Il est rapporté que cet homme a fui au Cambodge en 2019, suspecté d’un important escroquerie en investissement en cryptomonnaie. En raison de sa disparition prolongée, sa famille a demandé une déclaration de disparition auprès du tribunal, qui, conformément à la procédure légale, a reconnu sa disparition et a prononcé sa mort, le considérant ainsi comme décédé sur le plan juridique. Depuis lors, plusieurs années, le suspect est resté à l’étranger.

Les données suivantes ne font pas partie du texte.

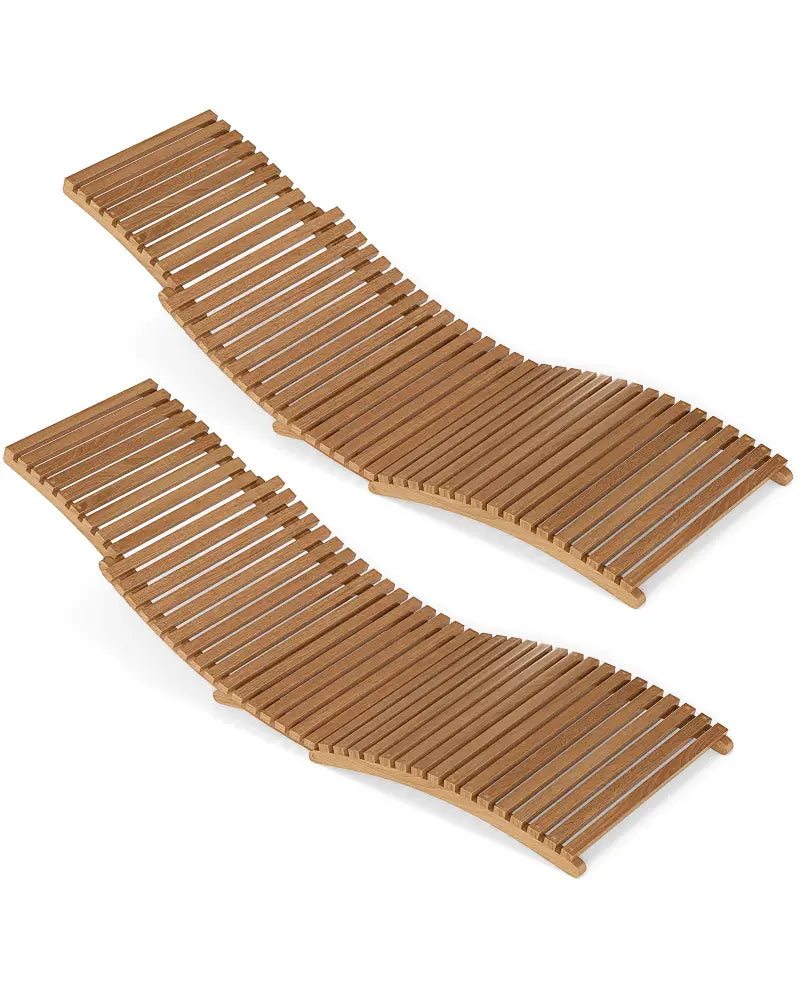 Teak Wood Patio Folding Chaise Lounge Chair with Slatted Seat-1 - Outdoor Chaise Lounges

En janvier 2026, les autorités cambodgiennes ont renvoyé cet homme en Corée du Sud. Le parquet de Séoul, à son arrivée, a immédiatement procédé à son arrestation et a commencé à résoudre les problèmes procéduraux liés à son « statut de mort légale ». Afin de garantir que les victimes de la fraude puissent être indemnisées, le procureur a demandé au tribunal d’annuler la décision initiale de disparition. Le 27 février, le tribunal a officiellement approuvé la restauration du statut juridique de l’homme, permettant ainsi l’utilisation légale de ses comptes bancaires et de ses comptes en cryptomonnaie.

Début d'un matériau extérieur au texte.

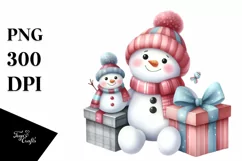Cute Whimsical Snowman with Gift Box PNG Product Image 1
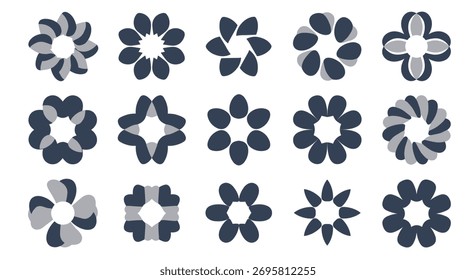 A collection of abstract circular patterns, including floral and gear-like designs, in varying shades of blue and gray.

Par la suite, le parquet, en coordination avec l’avocat de la défense, les représentants des victimes et d’autres organismes concernés, a procédé à la vente des actifs numériques gelés du suspect. Environ 60 000 dollars ont finalement été utilisés pour indemniser les victimes. Le parquet a indiqué que cette démarche visait à récupérer au maximum les pertes tout en respectant les droits légitimes de toutes les parties durant l’application de la loi.

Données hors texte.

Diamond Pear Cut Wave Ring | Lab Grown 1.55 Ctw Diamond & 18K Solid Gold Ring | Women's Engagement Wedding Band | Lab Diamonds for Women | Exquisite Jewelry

Cet incident met également en lumière la complexité des affaires de cryptomonnaie dans le cadre de l’application transfrontalière de la loi et des procédures judiciaires. Avec la popularisation des actifs numériques en Corée, les affaires de fraude en cryptomonnaie continuent d’attirer une attention accrue des autorités de régulation. Récemment, le système judiciaire sud-coréen a également été sous le feu des critiques suite à plusieurs erreurs liées aux actifs en cryptomonnaie.
Par exemple, un officier supérieur de police a été condamné à six ans de prison pour avoir reçu environ 90 000 dollars de pots-de-vin et pour son implication dans une enquête sur une fraude en cryptomonnaie ; dans une autre affaire, la police n’a pas transféré à temps les 22 bitcoins saisis vers un portefeuille froid officiel, entraînant la perte des actifs. De plus, la Direction fiscale nationale sud-coréenne a accidentellement divulgué lors d’un document public la phrase-mnémonique du portefeuille confisqué, ce qui a finalement permis le vol d’environ 5 millions de dollars en cryptomonnaie.
Selon des experts du secteur, cette affaire de « résurrection » d’un « mort légale » dans le cadre de la récupération de fonds en cryptomonnaie souligne l’importance d’améliorer les procédures judiciaires et les mécanismes de traçage des actifs à l’ère des actifs numériques. Avec l’expansion continue des investissements en cryptomonnaie, les systèmes d’application de la loi et de régulation doivent faire face à de nouveaux défis.